Upload neural_network.py

neural_network.py

@@ -0,0 +1,688 @@
+# -*- coding: utf-8 -*-
+"""neural network
+
+Automatically generated by Colab.
+
+Original file is located at
+    https://colab.research.google.com/drive/13Vym7d6JDkWLa9cv9p8h_amR_3uUnGp9
+"""
+
+# Cell A: Upload training dataset google sheets (CSV file)
+from google.colab import files
+import pandas as pd
+import io
+
+uploaded = files.upload()
+
+# Cell B: Define liability predictor model
+import torch
+import torch.nn as nn
+
+class LiabilityPredictor(nn.Module):
+    def __init__(
+        self,
+        input_dim: int = 640, #320 from VH + 320 from VL
+        output_dim: int = 4, #One output per liability
+        hidden_dims=(128, 64), #Two hidden layers. Layers between input and output.
+        dropout: float = 0.10, #Randomly turns off neurons during training (prevents overfitting)
+        activation: str = "gelu", #Smooth non-linearity (good for embeddings)

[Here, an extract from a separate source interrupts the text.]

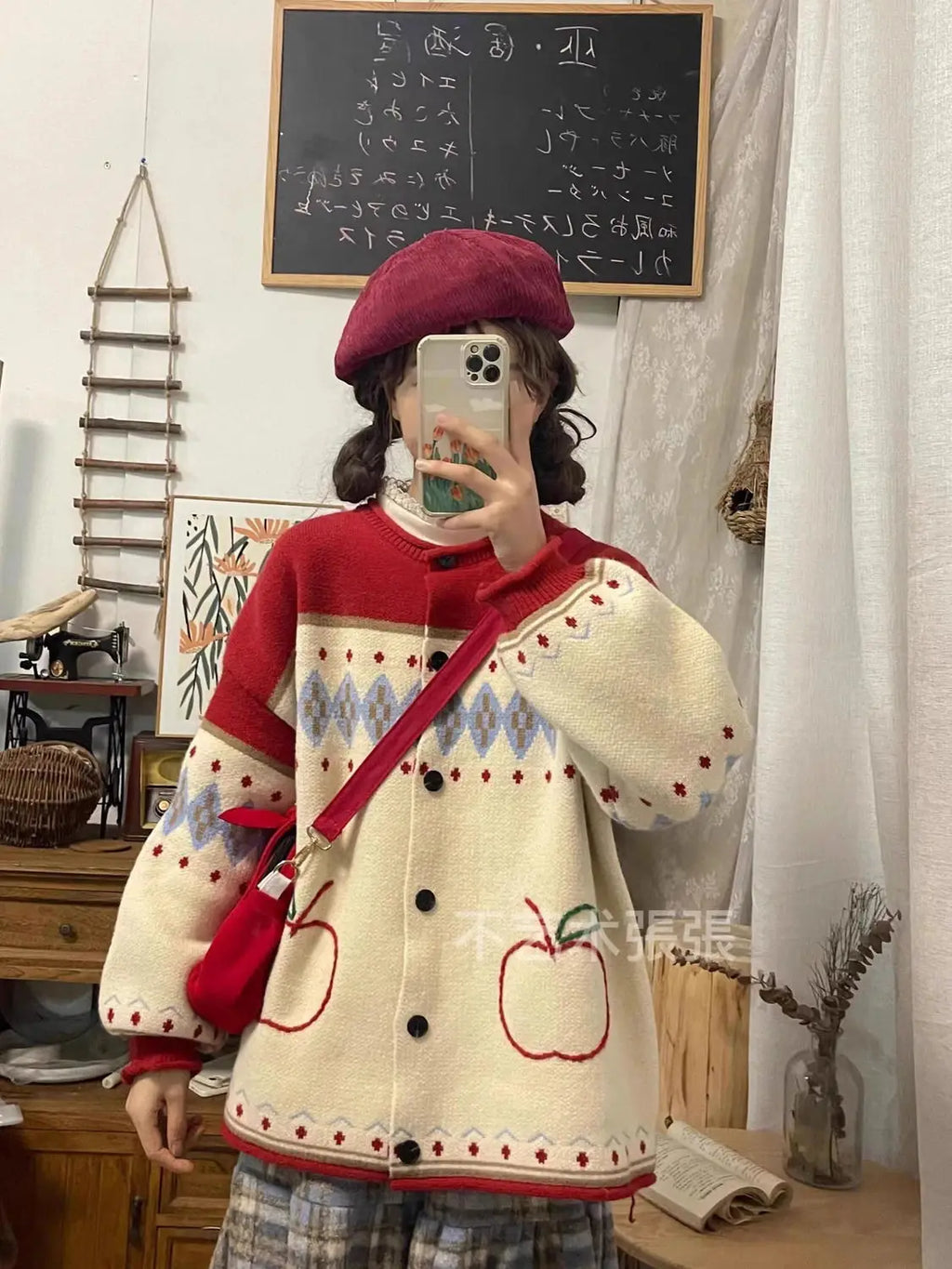 Cute retro apple knitted cardigan in cream and red with apple patterns and diamond shapes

+        use_layernorm: bool = True, #Stabilises training
+    ):
+        super().__init__()
+
+#Choose activation function. Converts "gelu" string into actual PyTorch layer.
+        act_layer = {
+            "relu": nn.ReLU,
+            "gelu": nn.GELU,
+            "silu": nn.SiLU,
+        }.get(activation.lower())
+
+        if act_layer is None:
+            raise ValueError(f"Unknown activation='{activation}'. Use 'relu', 'gelu', or 'silu'.")
+
+        layers = []
+
+        if use_layernorm:
+            layers.append(nn.LayerNorm(input_dim))
+
+        prev = input_dim
+        for h in hidden_dims:
+            layers.append(nn.Linear(prev, h))
+            if use_layernorm:
+                layers.append(nn.LayerNorm(h))
+            layers.append(act_layer())
+            if dropout and dropout > 0:
+                layers.append(nn.Dropout(dropout))
+            prev = h
+
+        layers.append(nn.Linear(prev, output_dim))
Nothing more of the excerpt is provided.